→ **Exercise objective**: Copying rule for the data below: pictures stay out, and only the lines from the one with "Pepper, a female" down to the one with "山本勝之助商店 山椒 10g×２袋", inclusive, are repeated exactly.

→ **Data excerpts**:
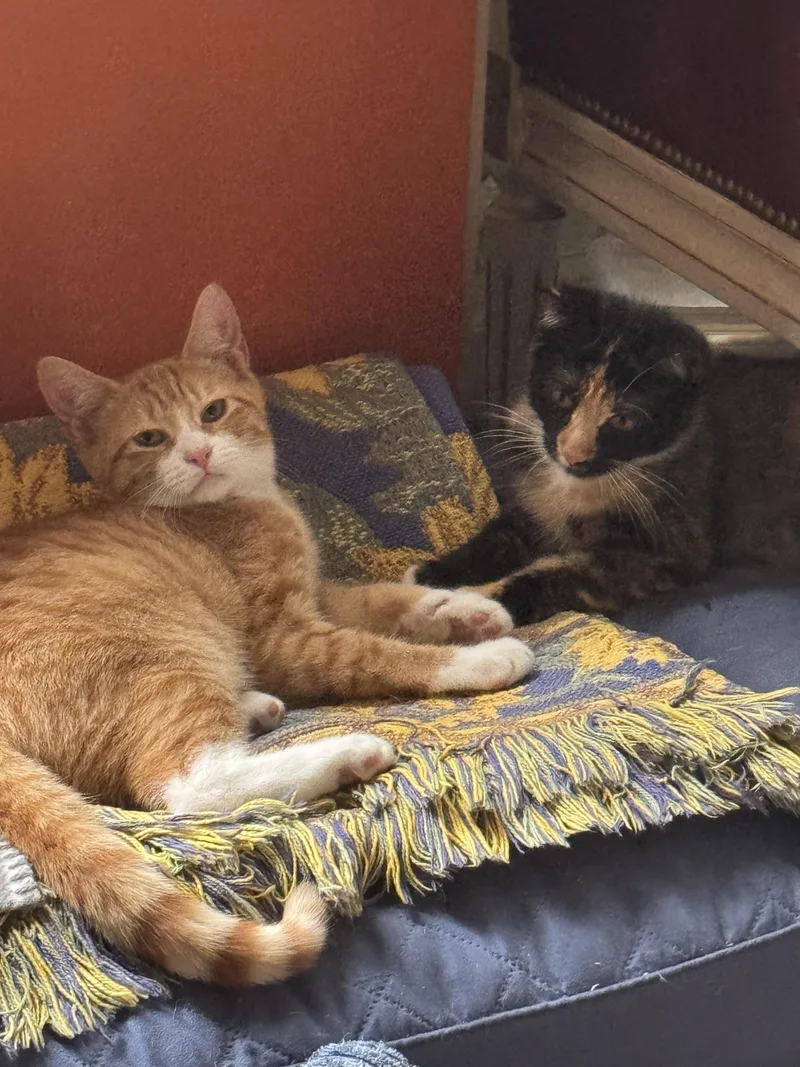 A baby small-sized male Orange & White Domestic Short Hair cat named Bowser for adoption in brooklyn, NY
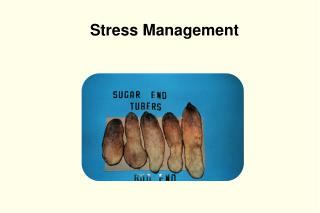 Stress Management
--
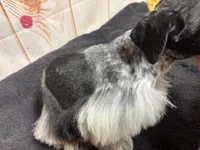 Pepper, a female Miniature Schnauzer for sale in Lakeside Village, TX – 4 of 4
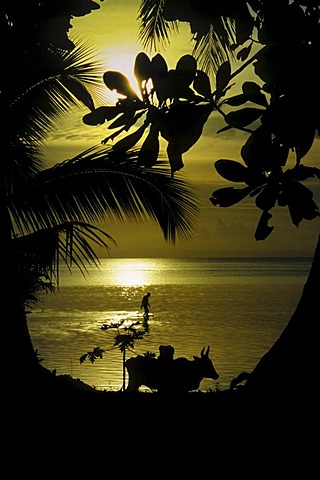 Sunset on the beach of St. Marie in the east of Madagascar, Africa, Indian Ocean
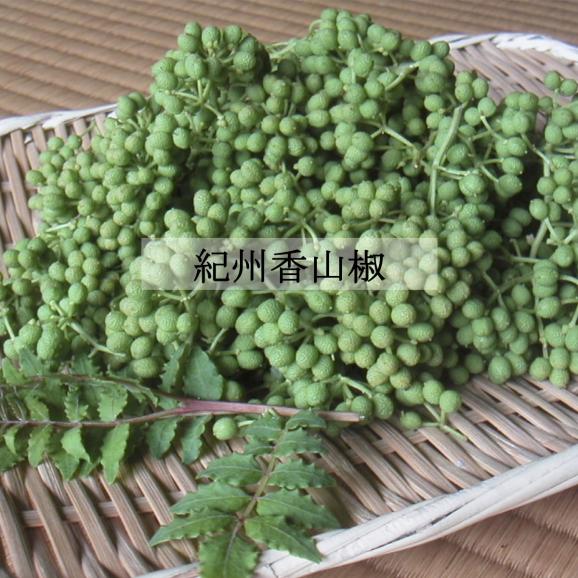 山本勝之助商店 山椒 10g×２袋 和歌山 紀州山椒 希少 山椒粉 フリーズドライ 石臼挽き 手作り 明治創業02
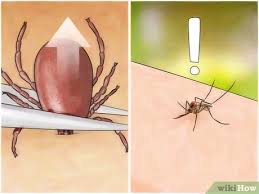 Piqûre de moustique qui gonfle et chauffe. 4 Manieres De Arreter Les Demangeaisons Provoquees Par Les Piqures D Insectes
==
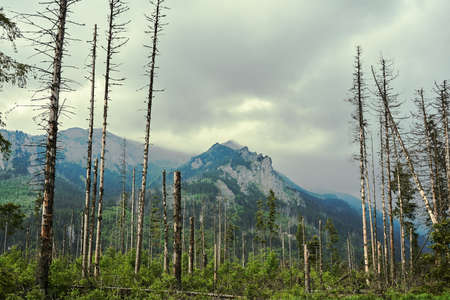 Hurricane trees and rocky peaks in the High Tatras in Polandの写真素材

→ **Completed exercise**:
 Pepper, a female Miniature Schnauzer for sale in Lakeside Village, TX – 4 of 4
 Sunset on the beach of St. Marie in the east of Madagascar, Africa, Indian Ocean
 山本勝之助商店 山椒 10g×２袋 和歌山 紀州山椒 希少 山椒粉 フリーズドライ 石臼挽き 手作り 明治創業02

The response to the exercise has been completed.